- Cover of the fourth volume of Bitter Virgin as published by Square Enix

ビター バージン (Bitā Bājin)
- Written by: Kei Kusunoki
- Published by: Square Enix
- Magazine: Young Gangan
- Original run: February 18, 2005 – March 7, 2008
- Volumes: 4

= Bitter Virgin =

Japanese manga series

Bitter Virgin (ビター バージン, Bitā Bājin) is a seinen manga presented by Kei Kusunoki and serialized in Young Gangan. Prior to producing this manga, Kusunoki had stopped writing for a period in order to cope with a miscarriage.

Bitter Virgin is the story of high school student Daisuke Suwa and his classmate, a girl named Hinako Aikawa, as well as the relationship that develops between them soon after Daisuke discovers a tragic – and very personal – secret that Hinako has been forced to bear on her own.

==Plot==
Daisuke Suwa is a high school student living with his widowed mother in a small Japanese community. His ambitions are to leave the town, gain acceptance at a city university, and enjoy being a bachelor.

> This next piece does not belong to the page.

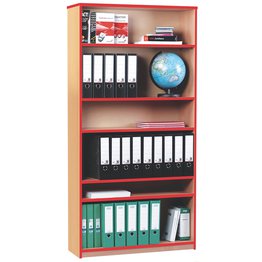 Open Bookcase with 5 Shelves & Red Edging - Maple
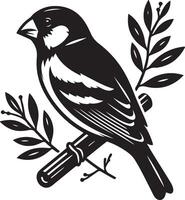 grosbeak Illustration black vector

In a discussion with a classmate about which of the girls in class he would choose to date, he declares he would pass on only one: Hinako Aikawa, a beautiful but shy girl. Daisuke is put off by her "sweet virgin" act and is annoyed by her extreme reactions to physical contact with men.

Working after school one day, Daisuke takes refuge in an empty church building to avoid a pair of girls, hiding inside a confessional booth. Believing him to be a priest, Hinako asks him to hear her confession.

As a junior high school student, Hinako was sexually abused by her stepfather and became pregnant. Her mother learned of the pregnancy when Hinako miscarried, but did nothing. The abuse continued and Hinako became pregnant again. She was told that the pregnancy may make her incapable of bearing children again, but since the doctors felt an abortion at that point would be dangerous, she carried the baby to term and her mother had it put up for adoption immediately after birth.

Hinako ends by saying that although she never wanted the child and was relieved to have it adopted, she wonders whether it would be all right if she celebrated his birthday, which is today. Daisuke assures her that she has the support of God, which calms Hinako down, she thanks him and leaves.

The next day a baby carriage begins to roll down. Daisuke instinctively jumps to protect Hinako and manages to stop the carriage, both of them are knocked to the ground. In the process, Hinako's skirt gets hitched up, revealing a scar on her stomach which Daisuke recognizes as a Caesarean-section scar. Daisuke realizes that her ordeal was the cause of her aversion to men. He resolves to keep her secret and soon finds himself falling in love with her.

==Characters==
Daisuke Suwa (諏訪大介, Suwa Daisuke): The main character of the story.

Hinako Aikawa (藍川雛子, Aikawa Hinako): The main female character of the story who has developed extreme trauma towards men caused by her stepfather sexually abusing her when she was younger, making her pregnant twice.

Kazuki Ibuse (井伏香月, Ibuse Kazuki): She is Daisuke and Hinako's classmate.

Yuzu Yamamoto (山本柚, Yamamoto Yuzu): She is Daisuke's classmate and supportive childhood friend who also works at his inn.

Izumi Suwa (諏訪和泉, Suwa Izumi): Daisuke Suwa's sister is 37 weeks pregnant as the result of an affair with a colleague.

Mrs. Suwa: She is a caring mother who struggles to run the family shop.

Yamamoto (山本, Yamamoto): A bespectacled boy and classmate of Hinako, who tried to ask her out.

Nagashima (長嶋, Nagashima): Hinako's stepfather, whom her mother married after her real father died.

==Release==
The manga series was first serialized in Young Gangan, and comprises four volumes that were released in Japan from April 25, 2006, to June 25, 2008. Abroad, the series was licensed in France by Ki-oon. It was also licensed in Taiwan by Chingwin Publishing, which published the manga's four tankōbon volumes between June and November 2008 and in Hong Kong by Jade Dynasty.

==Reception==
Manga Sanctuary describes Kei Kusunoki's first love story as masterful stroke, Bitter Virgin being a deeply moving title covering dire subjects. It also praises how the author delivers the heroine's secrets without stylistic excess and the acuteness in the depiction of Daisuke's reaction and behavior. Nicolas Penedo feels that the first volume does not focus on misery and writes with intelligence about the emotional turmoil of Daisuke, describing it as having a shoujo atmosphere, but that it will be enjoyed by both sexes. He felt that the second volume was better written than the first one and that it was by turns touching and passionate. The reviewer for Manga-News feels that while the manga starts out as a typical romance manga but with a protagonist with an annoying attitude, the revelation of Hinako's secret changes the manga completely into a unique story. Nicholas Demay felt that the subject matter was well-treated with modesty and relative realism, but felt that Daisuke's transition from an opportunistic womaniser to a bashful lover was not well-handled. He noted that although the first volume sometimes felt staged, the writing in the second volume was better, noting that Hinako was less insipid than other heroines, reacting in a more realistic way to Daisuke's changed behaviour.